We simulated the detection of butadiene (C4H6) on Titan’s surface. To address the slow reaction kinetics expected at Titan’s low temperatures, we focused on click reactions enabled by the Carboni-Lindsey mechanism [6]. It consists of a fast and selective reaction between a 1,2,4,5-tetrazine molecule and an olefin (butadiene, in our application), producing as its sole by-product N2, the major component of Titan’s atmosphere. Being an irreversible reaction mechanism, it accumulates signal over time, an adequate approach to low analyte concentrations [7]. We tested several tetrazine substituents to optimize the reaction kinetics and uncovered a tetrazine derivative (tz) which reacts with butadiene to form a dihidro-pyridazine molecule (dh-pyr). It produces a high emissivity product, generating an off-on fluorescence signal at 450 nm (Figure 2A), making the selected tetrazine derivative (tz) an ideal indicator of butadiene. The immobilization of tetrazine molecules in polyurethane-based membranes produces physical sensors resistant to leaching in hydrocarbon environments. Their electronic incorporation is ongoing.

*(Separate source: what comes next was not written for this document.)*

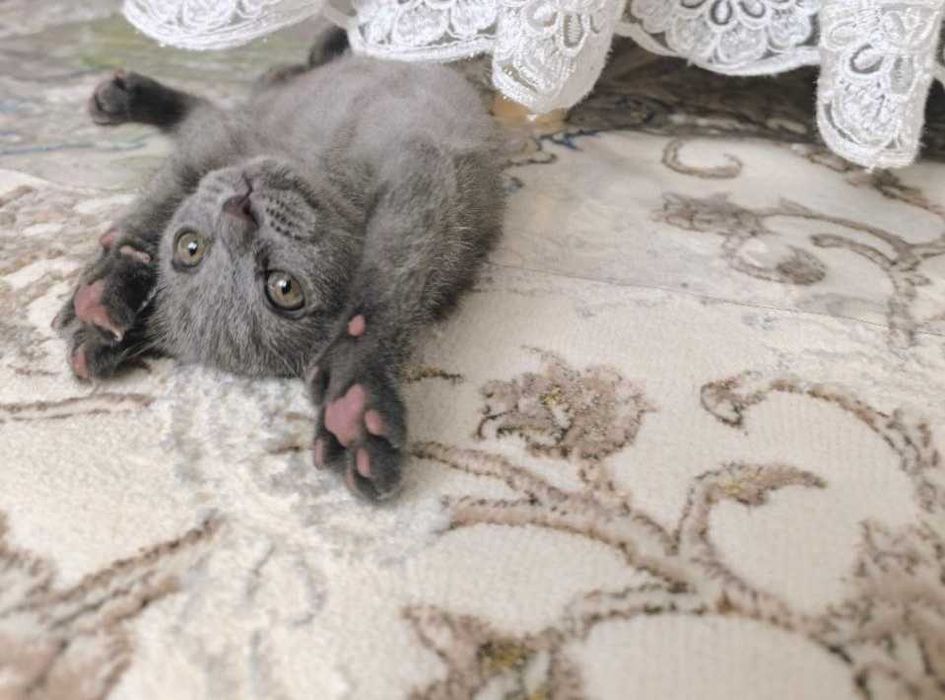 Продается котенок скотиш фолд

Towards quantifying the pH of the subsurface water oceans in icy worlds: FOCS have been applied to marine environments [8] and their pH measurements exhibited high sensitivity within the analytical range of the indicators [3]. We are developing pH FOCS to benchmark this technology against alternative strategies meant to quantify the pH of extraterrestrial aqueous bodies, such as the Enceladus alkaline subsurface ocean with an estimated pH = 8.5–10.5 and an ammonia volume mixing ratio of 0.8% (~3.6 × 10−4 M) [9], [10]. So far, the immobilization of known pH indicators in polymeric membranes demonstrated negligible leaching in aqueous solutions and fast responses to ammonia-induced pH variations (Figure 2B).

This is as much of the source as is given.